There’s no doubt that Gimme Shelter is one of the greatest concert films ever. From the opening moments wherein we see the band playing brilliantly at Madison Square Garden to the last frozen shot of Mick Jagger’s unreadable face after he’s viewed the footage of Hunter’s death in the editing room, the filmmakers (David & Albert Maysles with their longtime collaborator Charlotte Zwerin) give us telling snapshots of life backstage, in the studio, and out on the stage where it all matters. Good enough, but we’ve seen it a million times before. No, what makes the film truly unforgettable, are the moments when the camera quietly observes Mick and drummer Charlie Watts while they watch the Altamont footage. Watts, who can’t hide his boyish excitement as the Harley riding Angels storm through the crowd of shell-shocked hippies, also looks visibly dismayed as the day gets more and more out of control. Mick, on the other hand, looks vacant and self-conscious, as if he just wants this bummer trip to end so that he can get back to rockin’ his way into oblivion. For a band that always epitomized the grandiose Dionysian aspects of the outlaw rocker lifestyle, and who frequently courted the Devil’s favor in many of their songs, the seeming ignorance of their own diabolic power is unfortunate to say the least.

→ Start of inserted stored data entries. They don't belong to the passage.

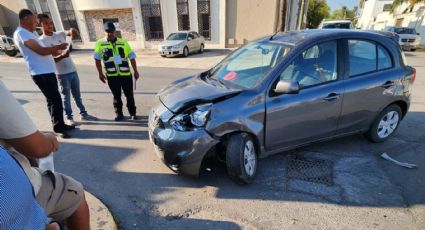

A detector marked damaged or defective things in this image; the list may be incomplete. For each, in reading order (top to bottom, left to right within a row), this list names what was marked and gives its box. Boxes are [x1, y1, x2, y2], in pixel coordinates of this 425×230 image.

crumpled car hood [157, 74, 240, 113]
broken headlight [170, 103, 211, 130]
damaged front bumper [148, 103, 219, 177]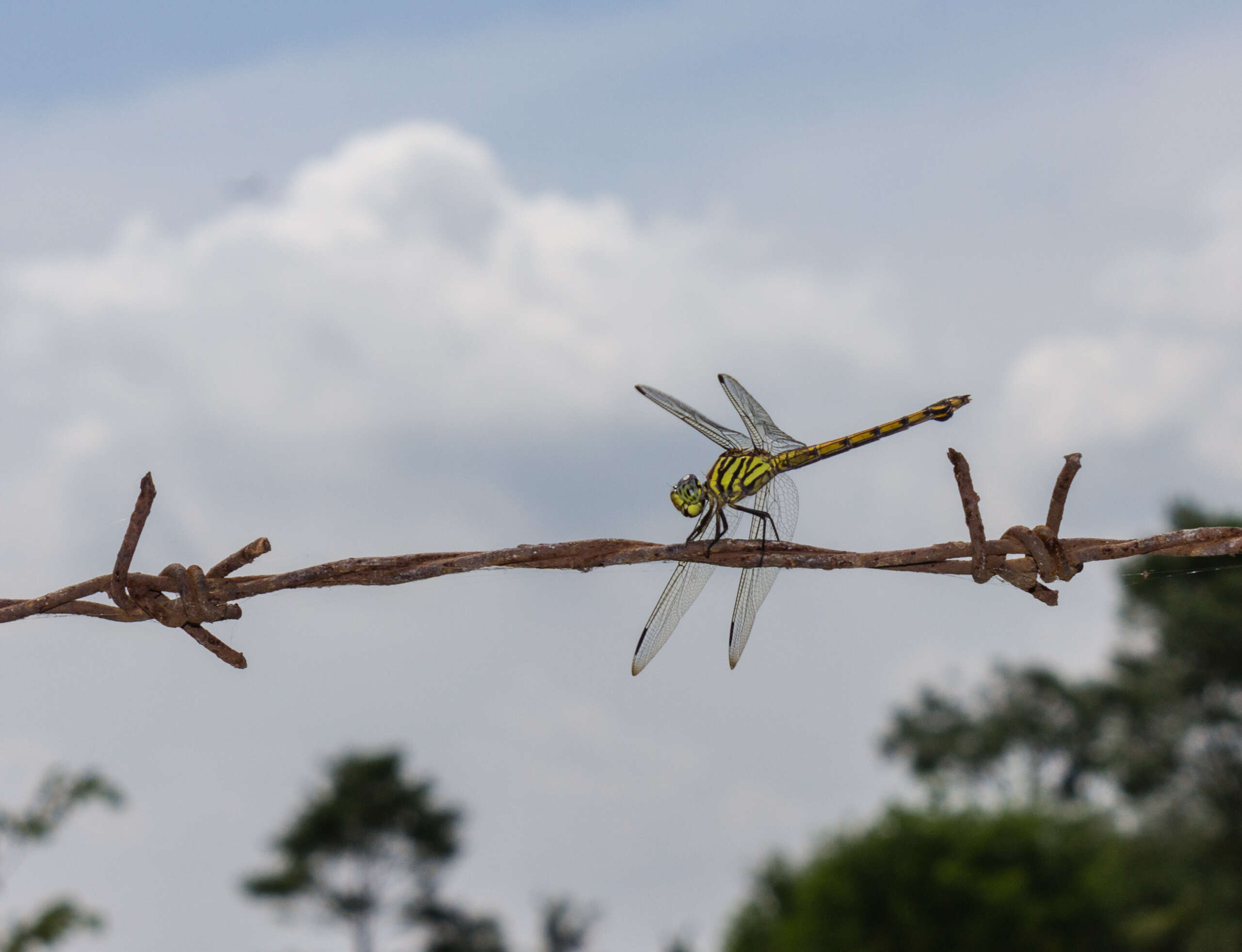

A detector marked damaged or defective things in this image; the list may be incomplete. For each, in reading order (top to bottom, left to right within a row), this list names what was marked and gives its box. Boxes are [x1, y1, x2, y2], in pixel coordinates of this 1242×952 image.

rusty barbed wire [2, 454, 1242, 670]
rust on wire [2, 457, 1242, 670]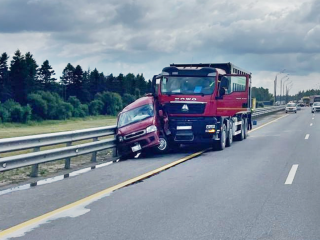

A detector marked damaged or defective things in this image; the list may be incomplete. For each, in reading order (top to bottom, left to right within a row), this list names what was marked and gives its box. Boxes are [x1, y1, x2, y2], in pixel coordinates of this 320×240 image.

crashed minivan [116, 95, 169, 159]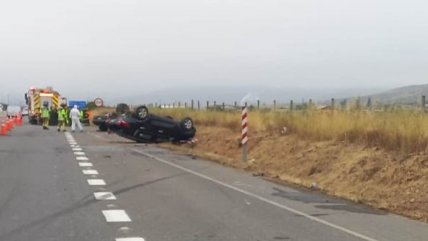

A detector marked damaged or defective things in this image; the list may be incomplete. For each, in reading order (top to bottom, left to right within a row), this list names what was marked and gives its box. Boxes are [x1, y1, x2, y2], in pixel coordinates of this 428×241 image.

overturned black car [93, 105, 196, 143]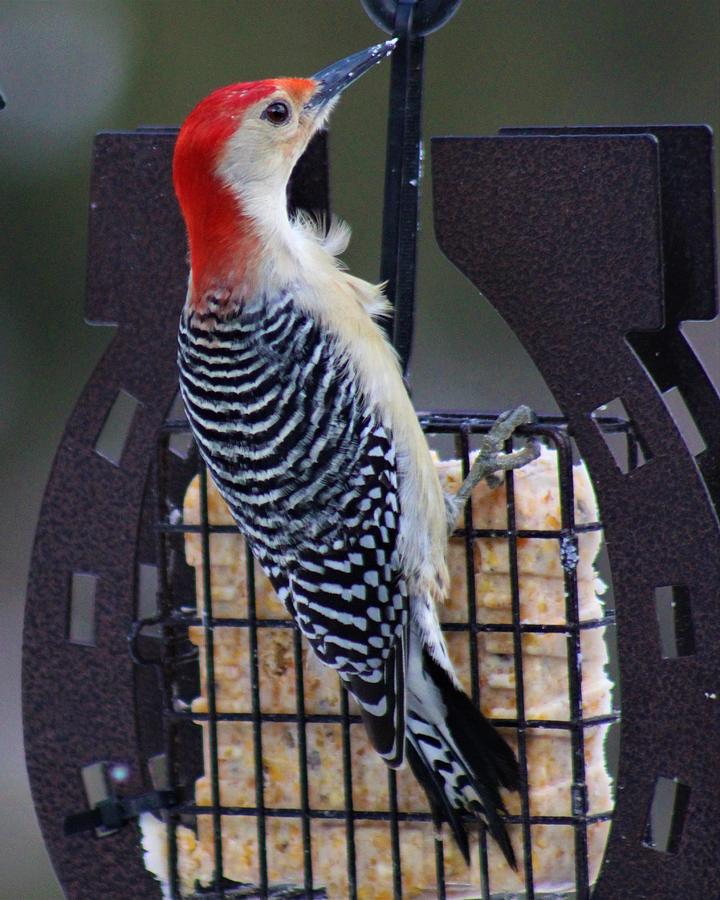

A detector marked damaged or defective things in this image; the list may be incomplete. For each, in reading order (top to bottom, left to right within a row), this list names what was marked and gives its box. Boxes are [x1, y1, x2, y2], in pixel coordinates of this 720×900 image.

textured rusty surface [23, 128, 330, 900]
textured rusty surface [434, 134, 720, 900]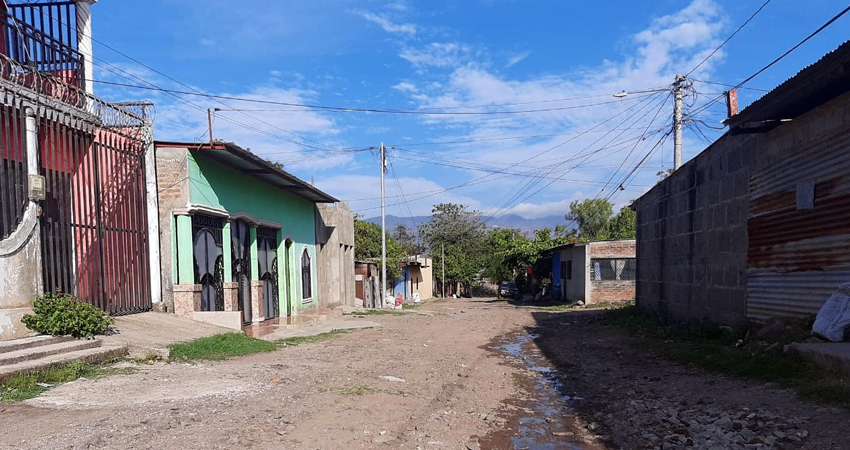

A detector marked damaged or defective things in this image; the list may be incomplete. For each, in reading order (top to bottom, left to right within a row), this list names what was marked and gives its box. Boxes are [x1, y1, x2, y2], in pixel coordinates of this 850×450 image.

rusty corrugated metal sheet [744, 126, 848, 322]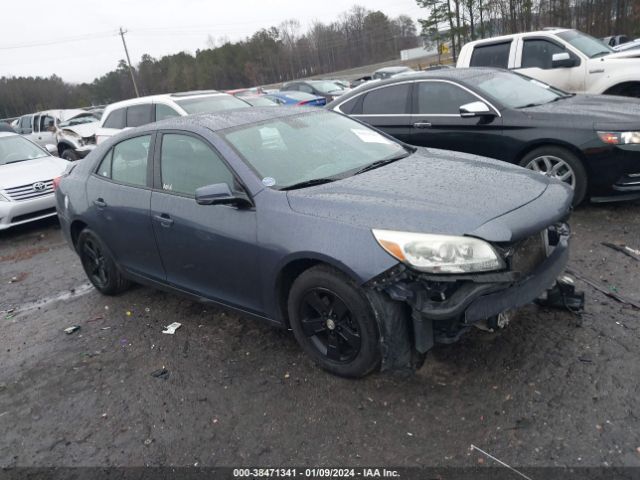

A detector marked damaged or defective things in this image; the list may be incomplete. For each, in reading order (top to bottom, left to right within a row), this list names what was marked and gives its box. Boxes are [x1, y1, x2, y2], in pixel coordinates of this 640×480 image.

damaged blue sedan [55, 109, 572, 378]
broken front bumper [370, 225, 568, 356]
front bumper damage [368, 223, 572, 370]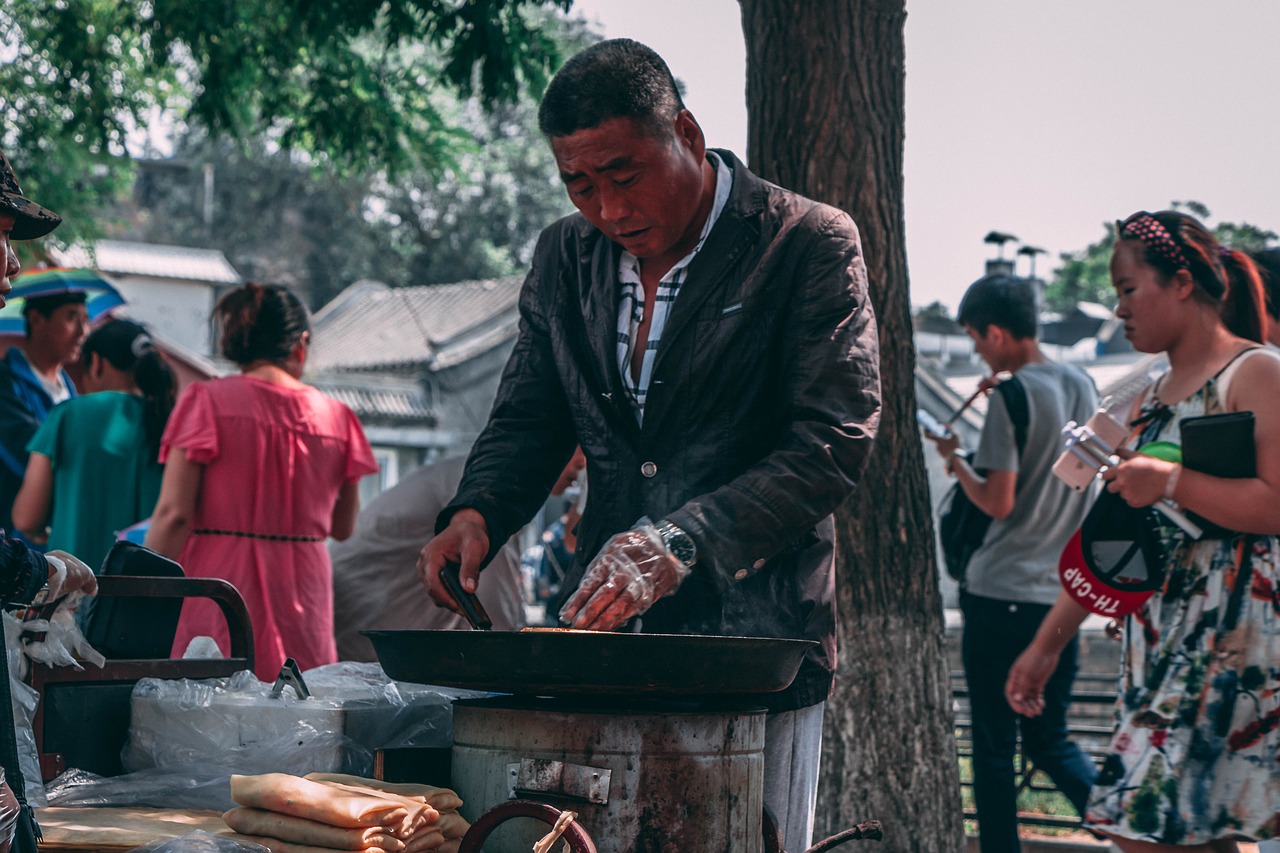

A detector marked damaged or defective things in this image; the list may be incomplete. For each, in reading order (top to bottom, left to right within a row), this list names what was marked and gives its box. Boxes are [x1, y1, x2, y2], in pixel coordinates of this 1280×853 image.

rusty metal barrel [453, 696, 757, 845]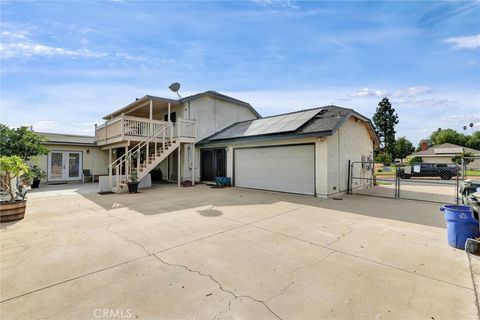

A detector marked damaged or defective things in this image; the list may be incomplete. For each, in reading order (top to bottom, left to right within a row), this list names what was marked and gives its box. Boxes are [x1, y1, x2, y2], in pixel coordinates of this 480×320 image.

driveway crack [153, 254, 282, 318]
cracked concrete [1, 184, 478, 318]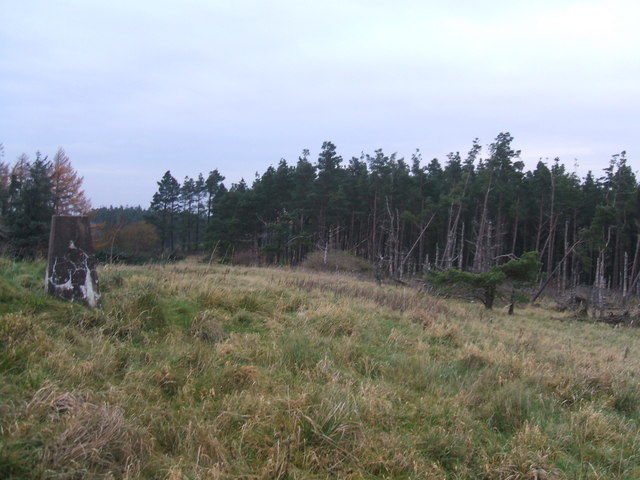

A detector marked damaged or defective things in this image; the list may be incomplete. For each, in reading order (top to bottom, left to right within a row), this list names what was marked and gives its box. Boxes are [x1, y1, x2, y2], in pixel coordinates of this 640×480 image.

peeling white paint on post [45, 217, 100, 308]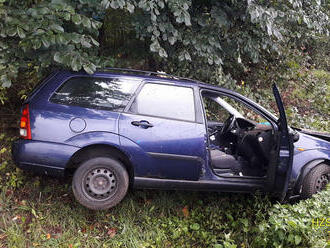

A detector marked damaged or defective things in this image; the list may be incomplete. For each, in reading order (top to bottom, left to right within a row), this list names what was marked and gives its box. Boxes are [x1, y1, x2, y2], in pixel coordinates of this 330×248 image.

crashed car [11, 68, 328, 209]
damaged vehicle [11, 68, 328, 209]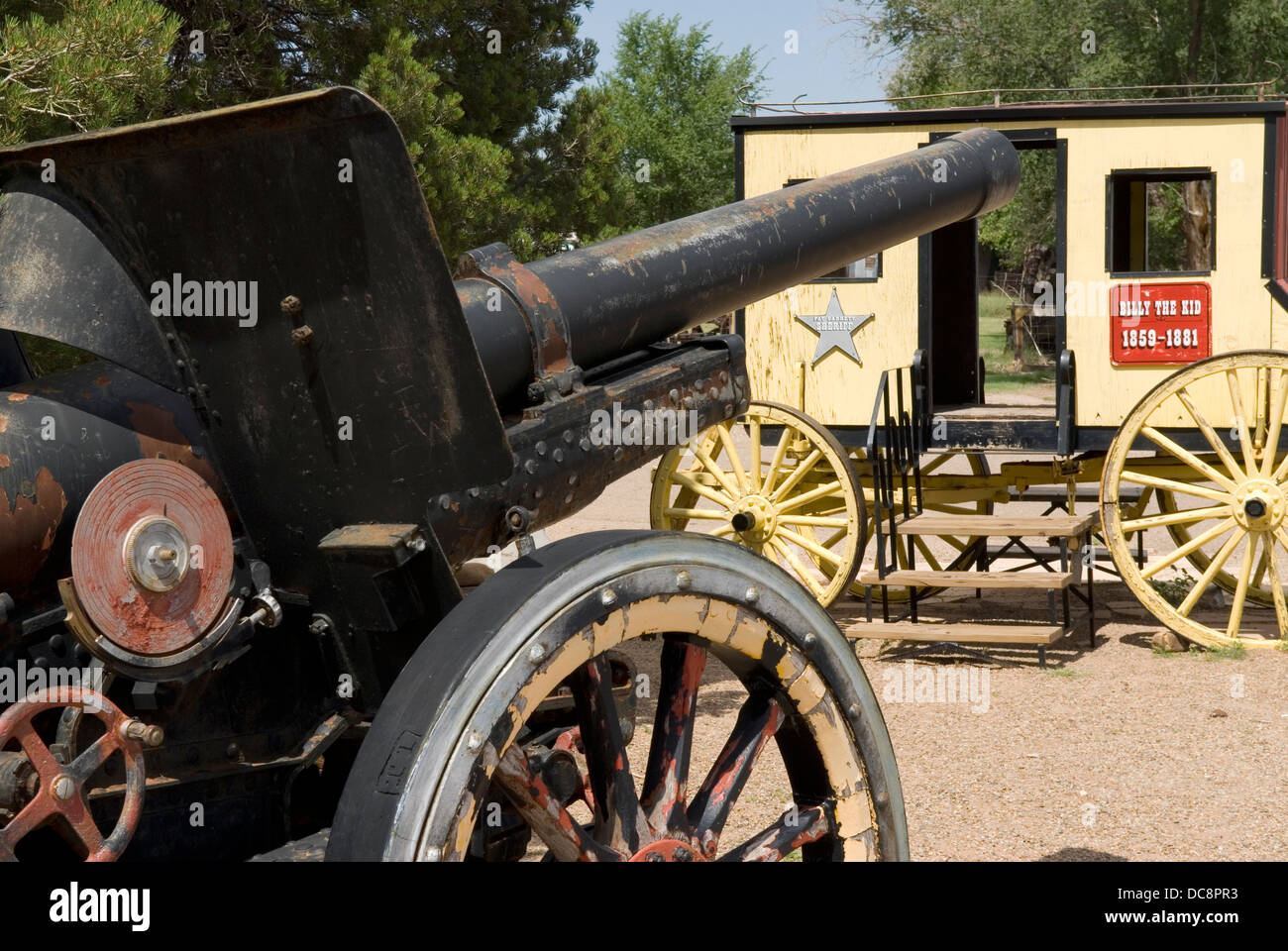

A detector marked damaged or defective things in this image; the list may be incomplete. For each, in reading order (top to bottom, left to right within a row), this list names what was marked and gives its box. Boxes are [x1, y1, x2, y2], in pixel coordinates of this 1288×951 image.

old rusty cannon [0, 89, 1015, 864]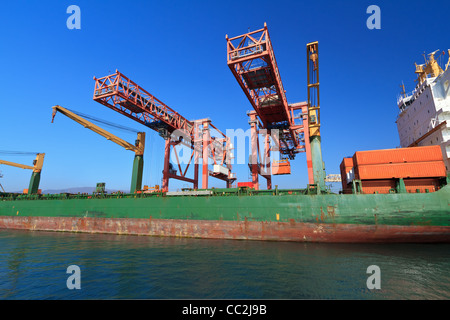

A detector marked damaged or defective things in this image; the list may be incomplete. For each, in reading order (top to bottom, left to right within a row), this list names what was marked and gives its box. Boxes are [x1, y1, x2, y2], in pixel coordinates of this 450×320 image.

rust on hull [1, 216, 448, 244]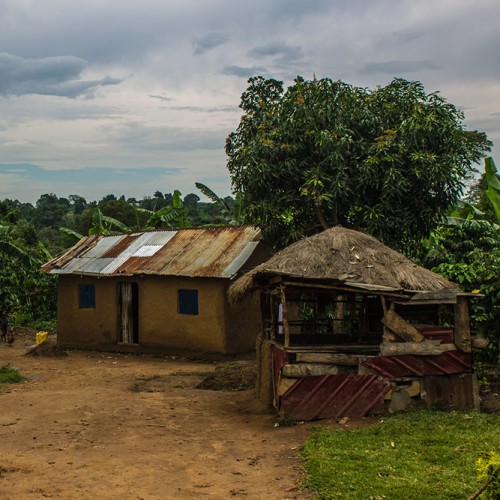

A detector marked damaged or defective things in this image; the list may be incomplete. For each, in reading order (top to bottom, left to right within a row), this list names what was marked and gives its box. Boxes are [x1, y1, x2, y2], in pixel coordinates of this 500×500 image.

rusted metal roof sheet [41, 228, 264, 280]
rusted metal roof sheet [362, 350, 470, 376]
rusted metal roof sheet [278, 374, 390, 420]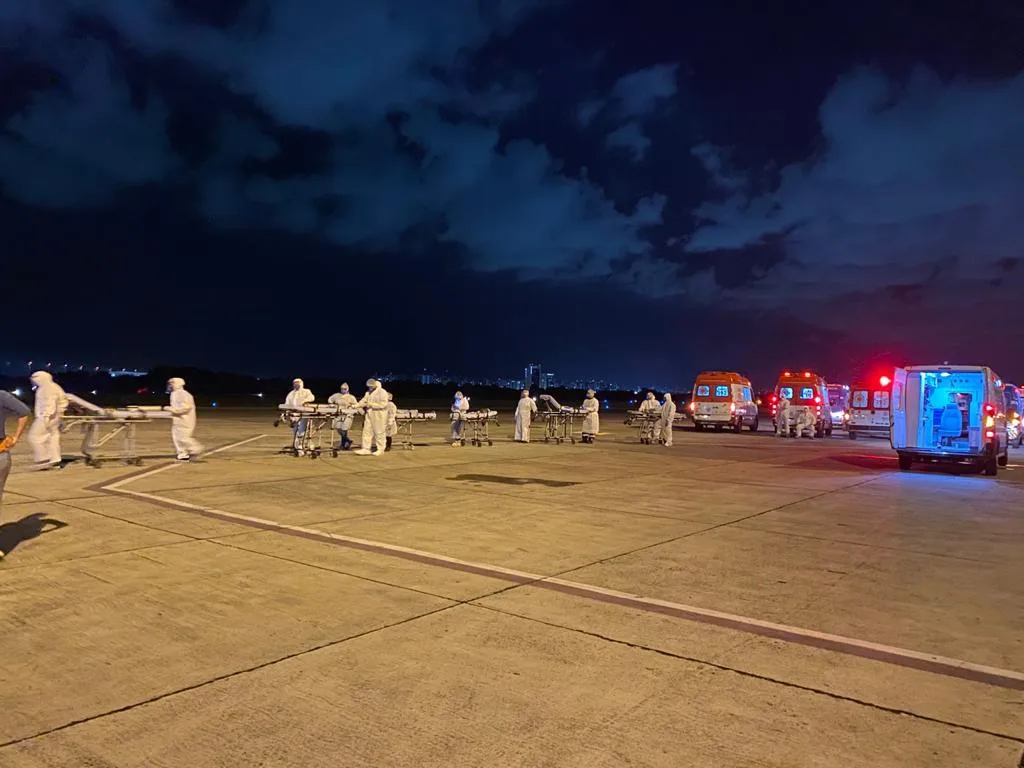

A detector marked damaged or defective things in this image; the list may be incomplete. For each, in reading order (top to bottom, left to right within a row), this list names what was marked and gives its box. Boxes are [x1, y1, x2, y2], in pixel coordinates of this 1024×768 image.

pavement crack [477, 606, 1024, 749]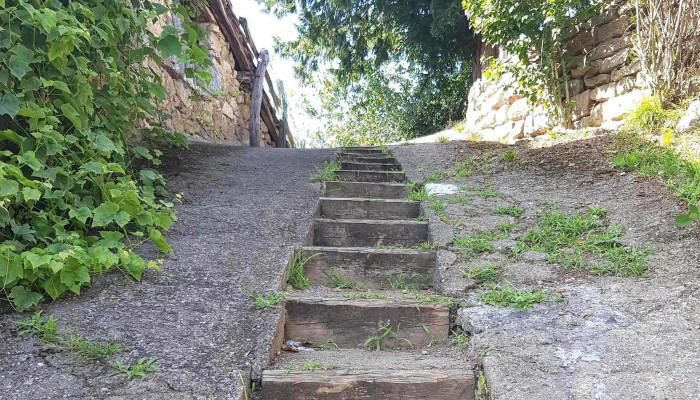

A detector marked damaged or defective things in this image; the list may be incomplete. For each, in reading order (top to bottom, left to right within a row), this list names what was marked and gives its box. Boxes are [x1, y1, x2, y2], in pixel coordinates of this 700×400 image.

cracked concrete path [0, 144, 334, 400]
cracked concrete path [392, 138, 696, 400]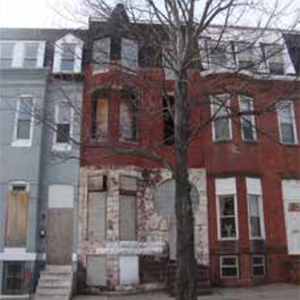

Gimme Shelter is available on DVD as part of The Criterion Collection. The disc includes audio commentary from Albert Maysles, Charlotte Zwerin, and collaborator Stanley Goldstein. There are some great outtakes and never-before-seen performance clips from the Madison Square Garden show, including some great backstage footage of Mick, Tina and Ike Turner, and lots more. So what are you waiting for? Give the Devil his due!